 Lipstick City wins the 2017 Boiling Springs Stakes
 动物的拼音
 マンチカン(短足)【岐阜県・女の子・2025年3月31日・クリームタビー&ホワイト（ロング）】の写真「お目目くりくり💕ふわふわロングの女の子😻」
● ● ● ●
## Problem description
Give back the complete data, each line unchanged.

## Exercise result
 Lipstick City wins the 2017 Boiling Springs Stakes
 动物的拼音
 マンチカン(短足)【岐阜県・女の子・2025年3月31日・クリームタビー&ホワイト（ロング）】の写真「お目目くりくり💕ふわふわロングの女の子😻」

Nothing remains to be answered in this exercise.